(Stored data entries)
---*---
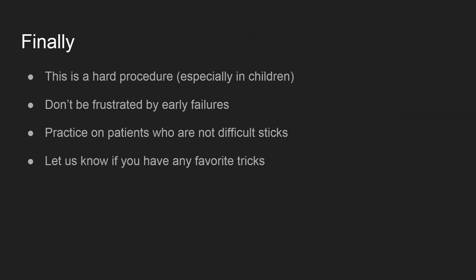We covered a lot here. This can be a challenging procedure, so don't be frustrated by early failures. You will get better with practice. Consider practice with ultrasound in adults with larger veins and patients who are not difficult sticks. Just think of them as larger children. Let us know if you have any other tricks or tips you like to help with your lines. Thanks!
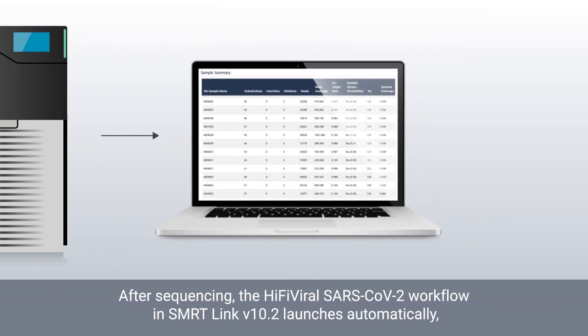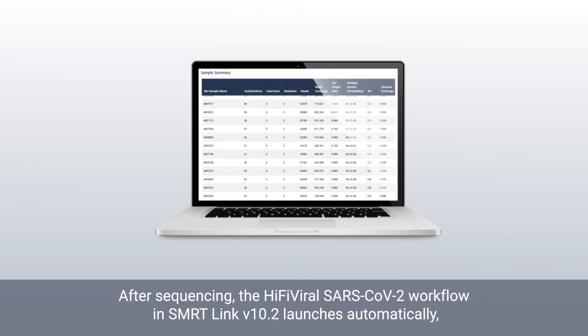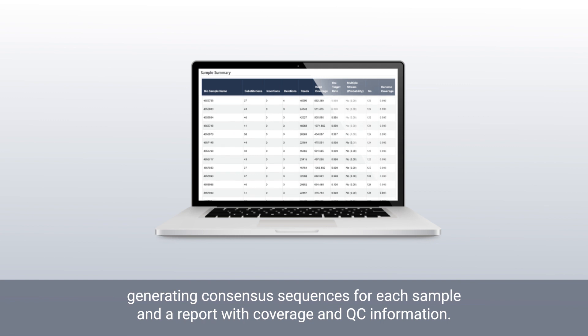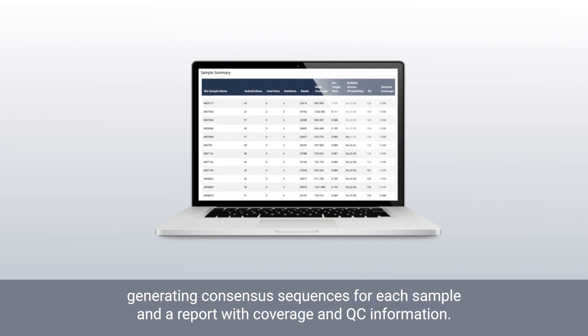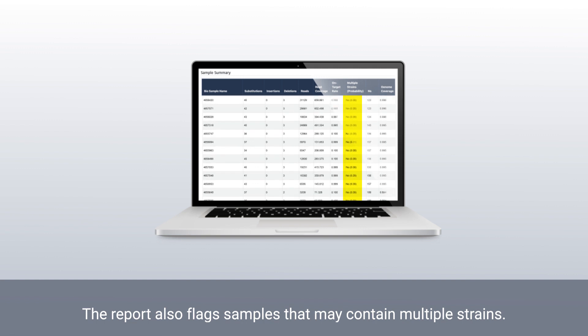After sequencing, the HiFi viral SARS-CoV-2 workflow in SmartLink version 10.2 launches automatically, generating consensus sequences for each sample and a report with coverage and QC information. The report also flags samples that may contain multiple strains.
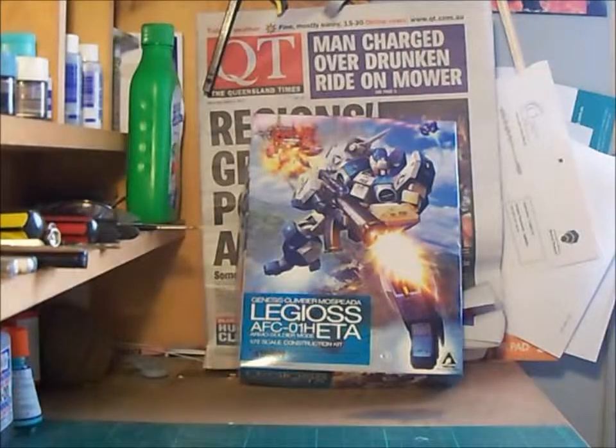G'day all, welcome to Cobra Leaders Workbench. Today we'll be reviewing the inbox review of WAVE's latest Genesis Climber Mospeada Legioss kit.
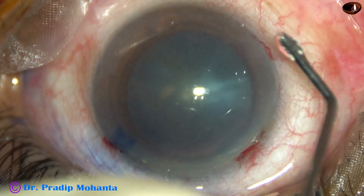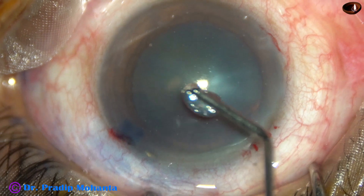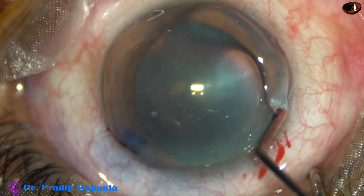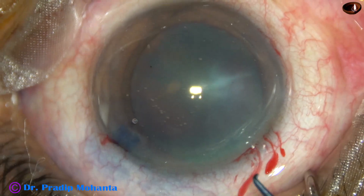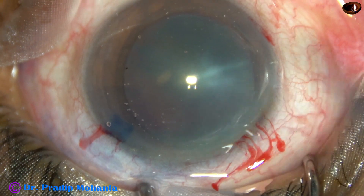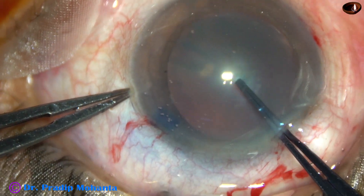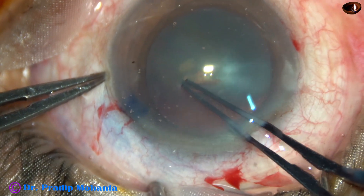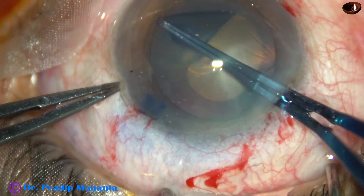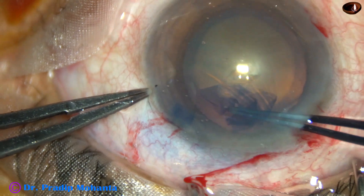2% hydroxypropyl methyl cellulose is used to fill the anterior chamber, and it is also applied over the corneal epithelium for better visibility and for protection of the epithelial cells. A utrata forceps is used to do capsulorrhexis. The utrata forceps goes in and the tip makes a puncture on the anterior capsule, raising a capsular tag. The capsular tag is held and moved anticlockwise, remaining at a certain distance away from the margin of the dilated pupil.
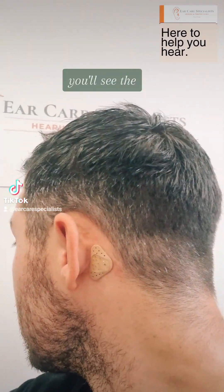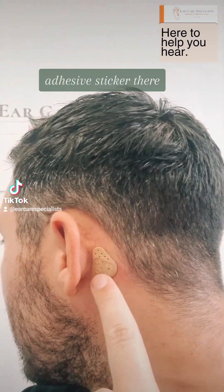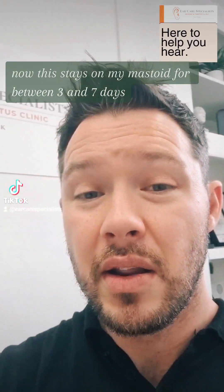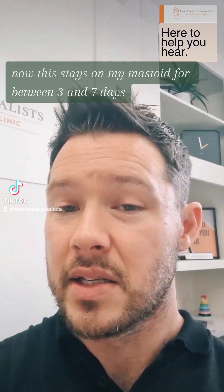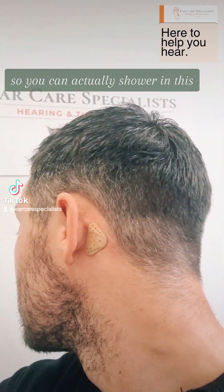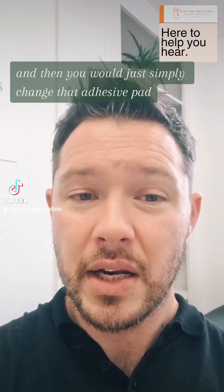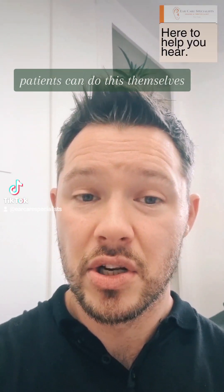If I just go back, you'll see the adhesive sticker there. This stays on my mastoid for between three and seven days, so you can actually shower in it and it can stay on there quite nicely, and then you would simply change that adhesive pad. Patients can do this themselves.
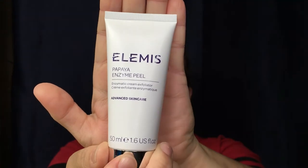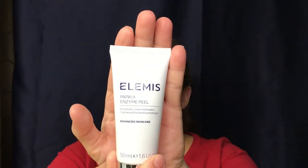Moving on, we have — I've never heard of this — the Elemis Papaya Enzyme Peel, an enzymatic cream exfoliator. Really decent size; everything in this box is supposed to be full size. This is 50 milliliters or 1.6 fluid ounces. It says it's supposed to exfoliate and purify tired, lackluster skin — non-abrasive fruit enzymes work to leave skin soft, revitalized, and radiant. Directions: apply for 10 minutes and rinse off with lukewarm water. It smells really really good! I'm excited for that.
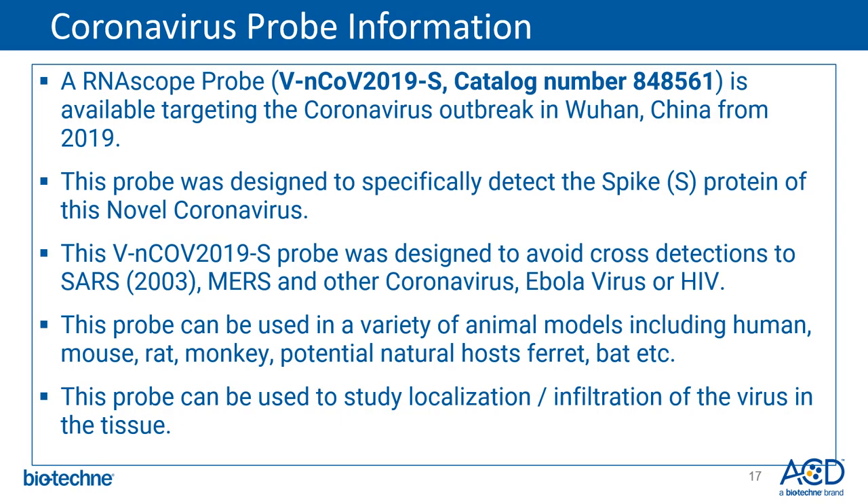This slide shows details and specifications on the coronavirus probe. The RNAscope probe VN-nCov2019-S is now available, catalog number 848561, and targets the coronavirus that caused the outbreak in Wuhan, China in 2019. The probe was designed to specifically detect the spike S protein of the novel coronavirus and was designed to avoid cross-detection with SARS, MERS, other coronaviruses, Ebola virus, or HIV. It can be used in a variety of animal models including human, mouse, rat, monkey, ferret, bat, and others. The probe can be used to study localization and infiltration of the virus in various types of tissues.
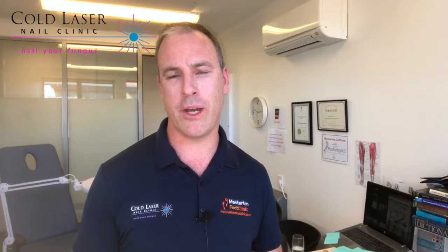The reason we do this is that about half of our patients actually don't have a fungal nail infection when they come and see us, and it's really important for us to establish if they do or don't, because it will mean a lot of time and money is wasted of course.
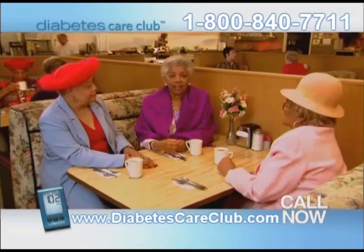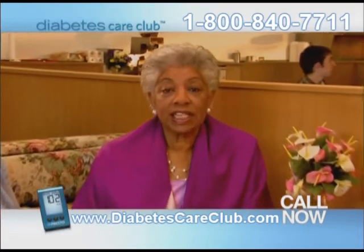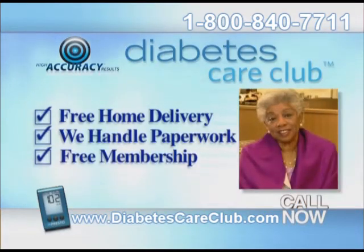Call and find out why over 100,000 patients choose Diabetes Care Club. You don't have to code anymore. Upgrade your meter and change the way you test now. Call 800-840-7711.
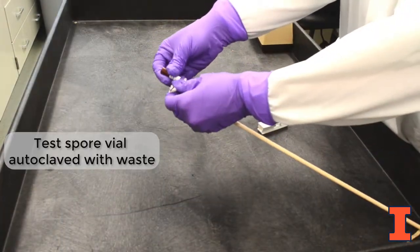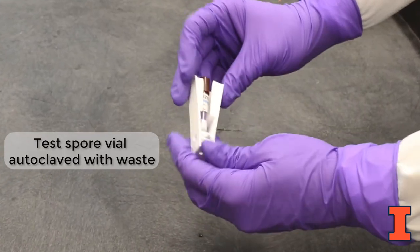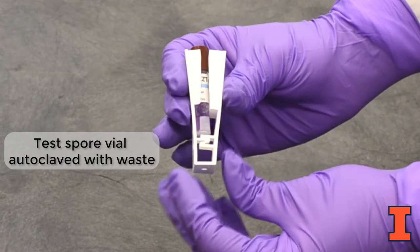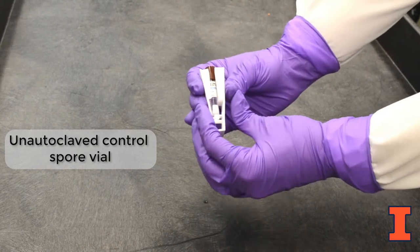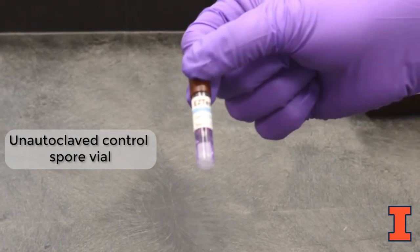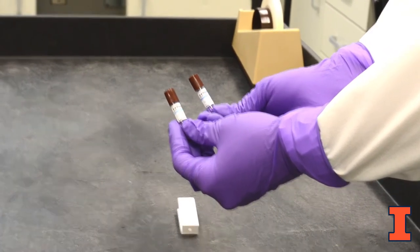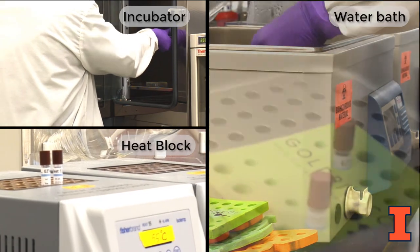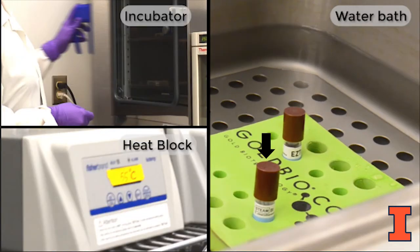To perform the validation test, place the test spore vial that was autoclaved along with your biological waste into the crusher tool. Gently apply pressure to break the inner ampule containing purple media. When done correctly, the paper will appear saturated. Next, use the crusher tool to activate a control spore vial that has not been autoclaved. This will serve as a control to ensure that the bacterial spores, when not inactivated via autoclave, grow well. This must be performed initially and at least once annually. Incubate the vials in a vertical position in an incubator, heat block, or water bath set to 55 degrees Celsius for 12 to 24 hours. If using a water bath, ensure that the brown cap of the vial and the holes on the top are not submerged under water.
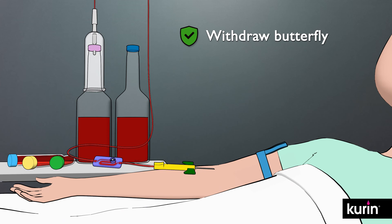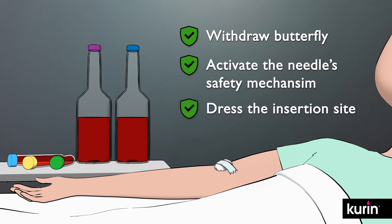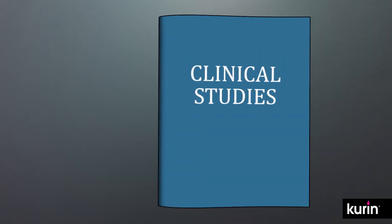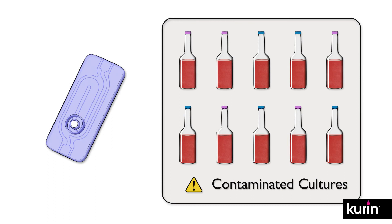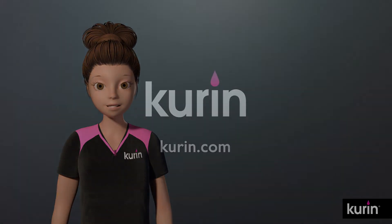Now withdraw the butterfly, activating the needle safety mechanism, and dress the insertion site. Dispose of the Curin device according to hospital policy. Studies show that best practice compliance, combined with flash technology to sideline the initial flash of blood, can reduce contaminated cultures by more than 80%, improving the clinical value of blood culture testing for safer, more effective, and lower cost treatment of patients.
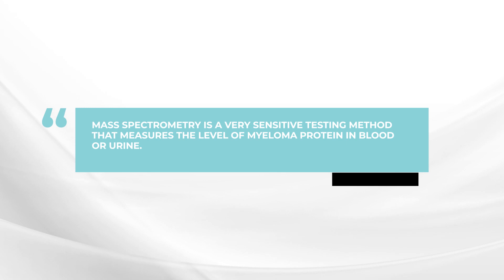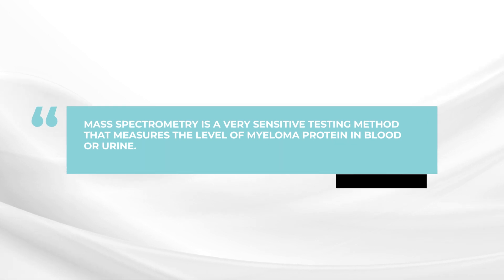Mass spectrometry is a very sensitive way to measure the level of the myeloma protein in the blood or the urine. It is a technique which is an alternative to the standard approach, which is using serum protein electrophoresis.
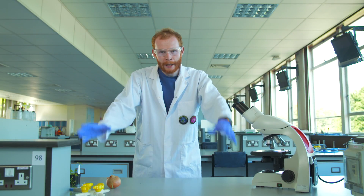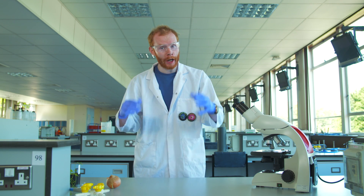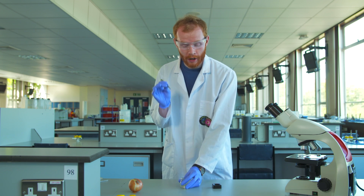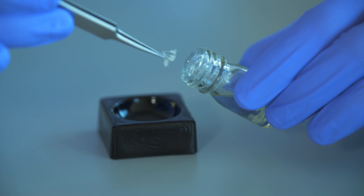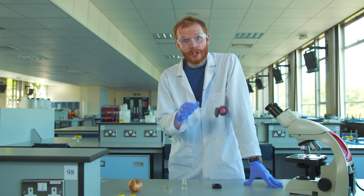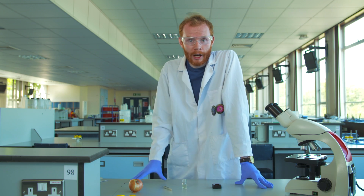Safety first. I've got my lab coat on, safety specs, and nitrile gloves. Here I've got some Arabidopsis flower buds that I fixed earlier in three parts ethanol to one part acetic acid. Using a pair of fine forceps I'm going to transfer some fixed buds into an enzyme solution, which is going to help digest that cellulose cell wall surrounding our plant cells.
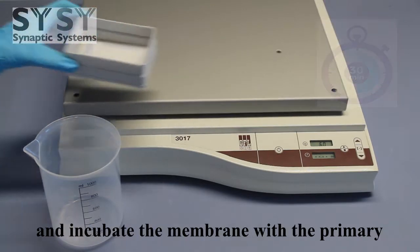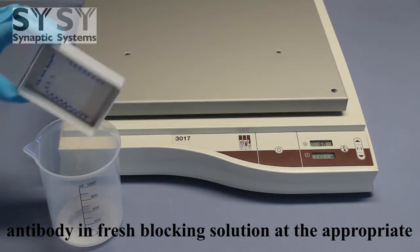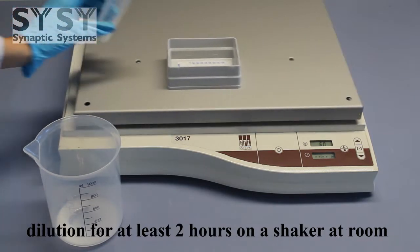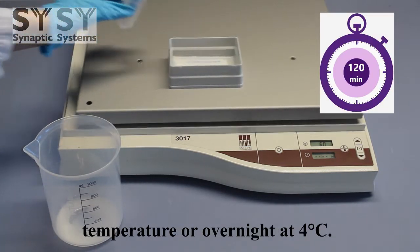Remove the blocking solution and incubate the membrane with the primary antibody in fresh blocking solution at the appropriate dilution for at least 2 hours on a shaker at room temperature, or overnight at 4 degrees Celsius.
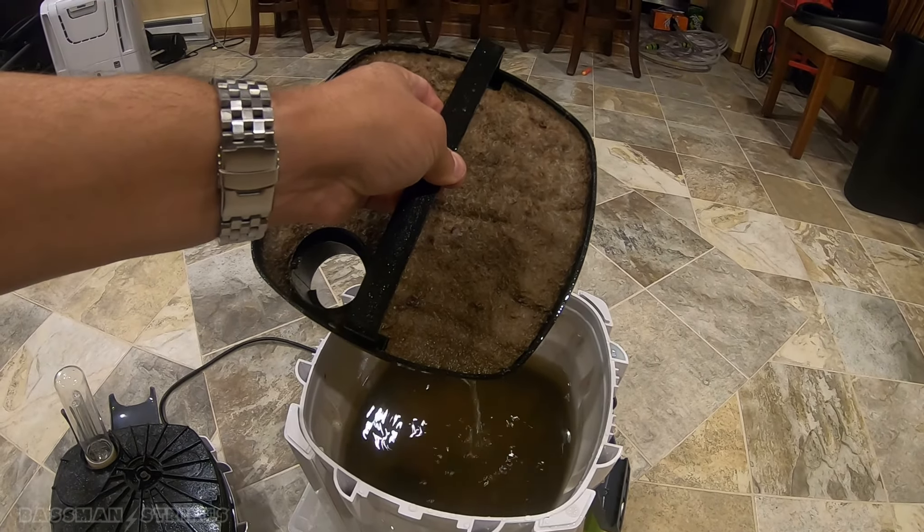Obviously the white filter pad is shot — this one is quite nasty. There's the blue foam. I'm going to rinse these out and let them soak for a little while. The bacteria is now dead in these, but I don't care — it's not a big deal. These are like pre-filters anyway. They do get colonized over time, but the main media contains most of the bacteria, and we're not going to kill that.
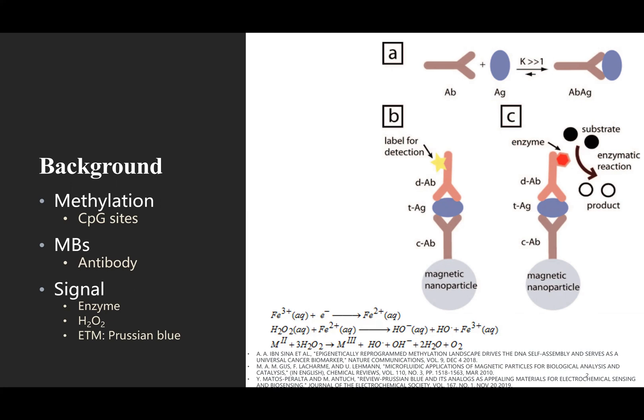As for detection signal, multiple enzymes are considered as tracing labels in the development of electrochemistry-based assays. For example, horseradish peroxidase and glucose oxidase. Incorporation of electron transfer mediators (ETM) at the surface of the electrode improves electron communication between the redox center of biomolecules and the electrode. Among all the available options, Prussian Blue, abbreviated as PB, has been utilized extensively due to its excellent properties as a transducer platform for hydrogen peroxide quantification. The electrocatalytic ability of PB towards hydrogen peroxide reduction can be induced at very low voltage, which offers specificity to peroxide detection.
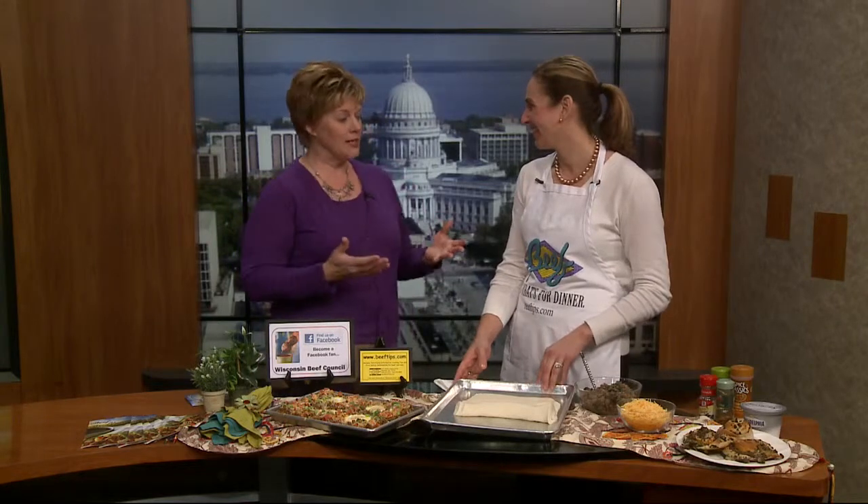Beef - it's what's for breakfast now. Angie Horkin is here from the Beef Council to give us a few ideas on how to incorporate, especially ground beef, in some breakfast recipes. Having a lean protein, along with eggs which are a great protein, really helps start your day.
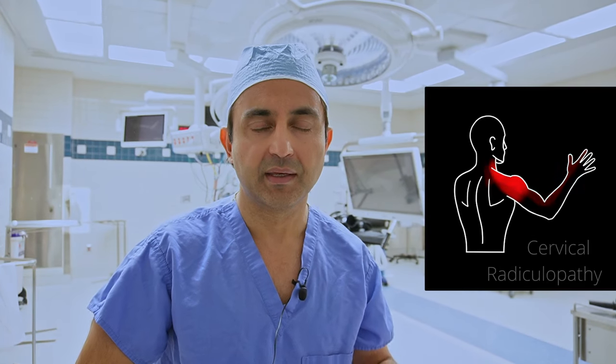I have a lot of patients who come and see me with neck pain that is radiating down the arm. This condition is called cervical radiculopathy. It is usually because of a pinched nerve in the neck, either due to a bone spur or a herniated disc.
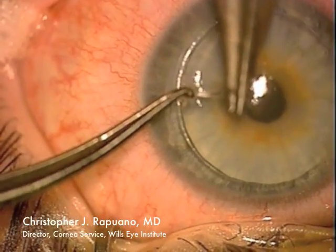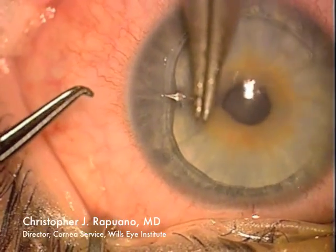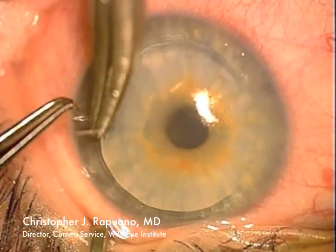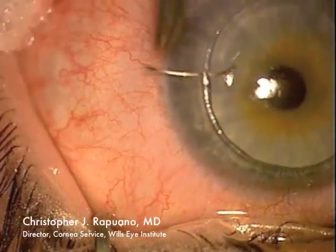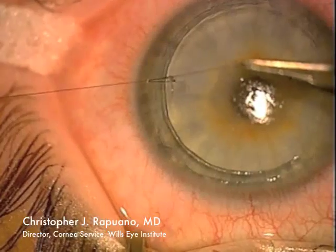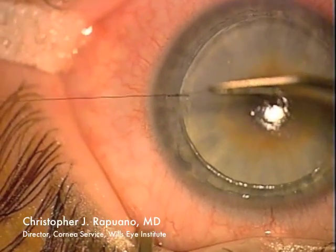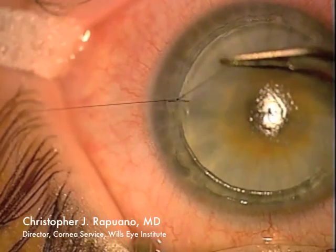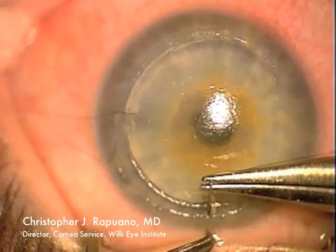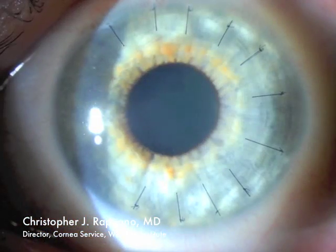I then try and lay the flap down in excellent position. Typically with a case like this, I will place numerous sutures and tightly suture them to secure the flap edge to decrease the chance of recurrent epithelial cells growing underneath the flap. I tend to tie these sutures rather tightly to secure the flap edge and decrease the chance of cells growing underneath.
---*---
**ASSIGNMENT**:
Exactly restate the lines from the beginning of the data through the line with "If I just go", and no others, keeping pictures out.

**OUTPUT OF THE EXERCISE**:
We covered a lot here. This can be a challenging procedure, so don't be frustrated by early failures. You will get better with practice. Consider practice with ultrasound in adults with larger veins and patients who are not difficult sticks. Just think of them as larger children. Let us know if you have any other tricks or tips you like to help with your lines. Thanks!
After sequencing, the HiFi viral SARS-CoV-2 workflow in SmartLink version 10.2 launches automatically, generating consensus sequences for each sample and a report with coverage and QC information. The report also flags samples that may contain multiple strains.
G'day all, welcome to Cobra Leaders Workbench. Today we'll be reviewing the inbox review of WAVE's latest Genesis Climber Mospeada Legioss kit.
2% hydroxypropyl methyl cellulose is used to fill the anterior chamber, and it is also applied over the corneal epithelium for better visibility and for protection of the epithelial cells. A utrata forceps is used to do capsulorrhexis. The utrata forceps goes in and the tip makes a puncture on the anterior capsule, raising a capsular tag. The capsular tag is held and moved anticlockwise, remaining at a certain distance away from the margin of the dilated pupil.
If I just go back, you'll see the adhesive sticker there. This stays on my mastoid for between three and seven days, so you can actually shower in it and it can stay on there quite nicely, and then you would simply change that adhesive pad. Patients can do this themselves.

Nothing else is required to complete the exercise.